====== Data shown
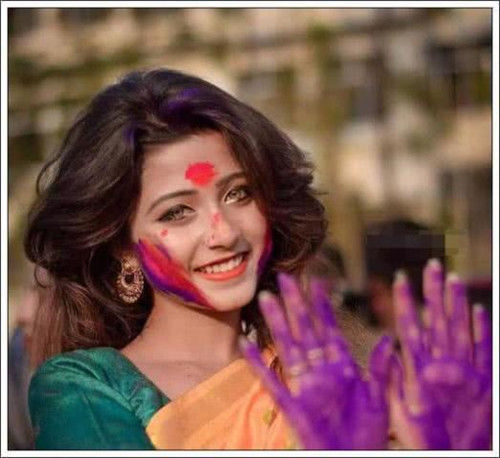 印度女孩因一双"绿眼睛"走红,因长得漂亮,丈夫不准她单独出门_手机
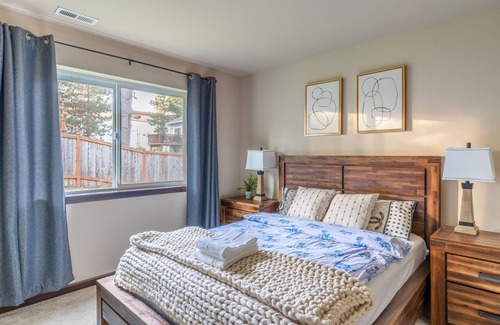 Mountlake Terrace House | Stunning Newly Build Home: Prime Location
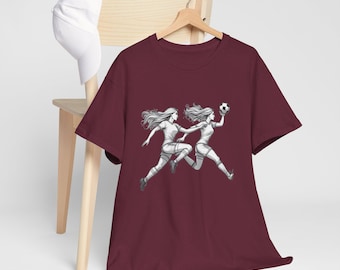 T-shirt da calcio per ragazze / Maglietta con grafica di una calciatrice / Regalo per la mamma di un calciatore / Maglietta per amanti dello sport, T-shirt unisex in cotone pesante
============
* [Problem requirements]
Copy the whole listing above word for word but do not carry over the pictures.

* [Response area]
 印度女孩因一双"绿眼睛"走红,因长得漂亮,丈夫不准她单独出门_手机
 Mountlake Terrace House | Stunning Newly Build Home: Prime Location
 T-shirt da calcio per ragazze / Maglietta con grafica di una calciatrice / Regalo per la mamma di un calciatore / Maglietta per amanti dello sport, T-shirt unisex in cotone pesante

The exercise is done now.